# [DATA EXTRACT]
[Start of section]

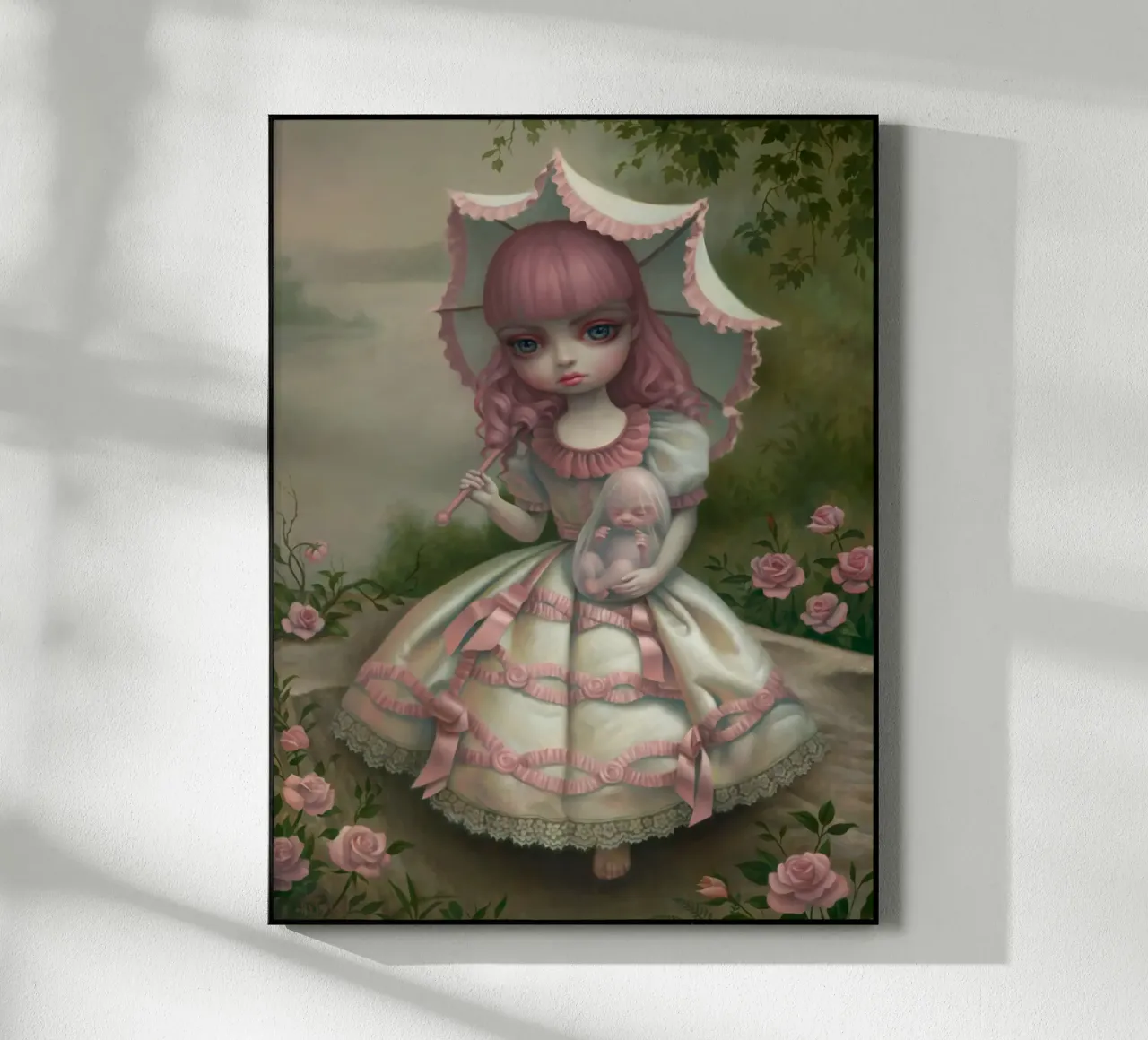 Vergine e Bambino, 2010 plexiglass da Alexandra Sutton
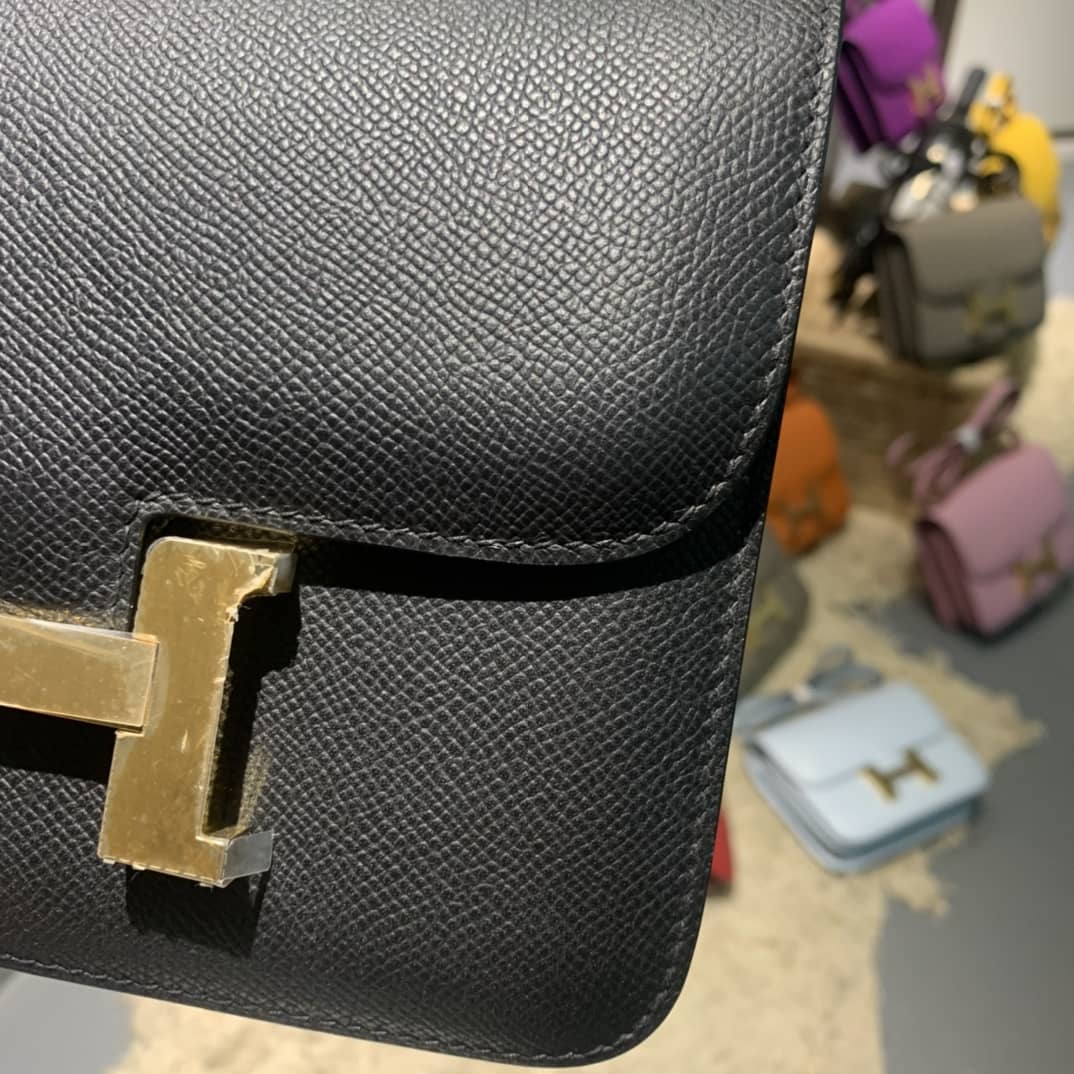 Best Replica Hermes Replica Constance Bag 18CM Epsom Leather - Colareps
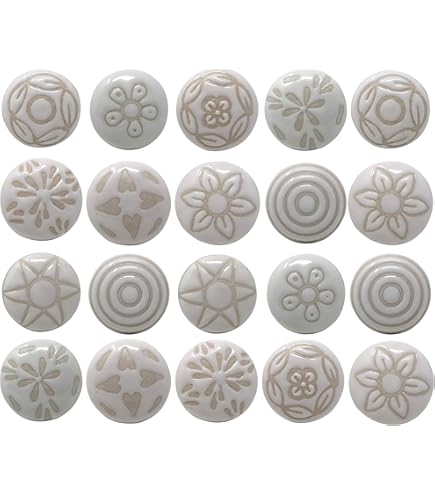 Boutons Et Poignées De Meuble En Porcelaine | Élégance Et Qualité Pour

[End of section]

# [ABOUT THIS EXERCISE]
Reproduce the material exactly; keep pictures out.

# [RESULT BELOW]
 Vergine e Bambino, 2010 plexiglass da Alexandra Sutton
 Best Replica Hermes Replica Constance Bag 18CM Epsom Leather - Colareps
 Boutons Et Poignées De Meuble En Porcelaine | Élégance Et Qualité Pour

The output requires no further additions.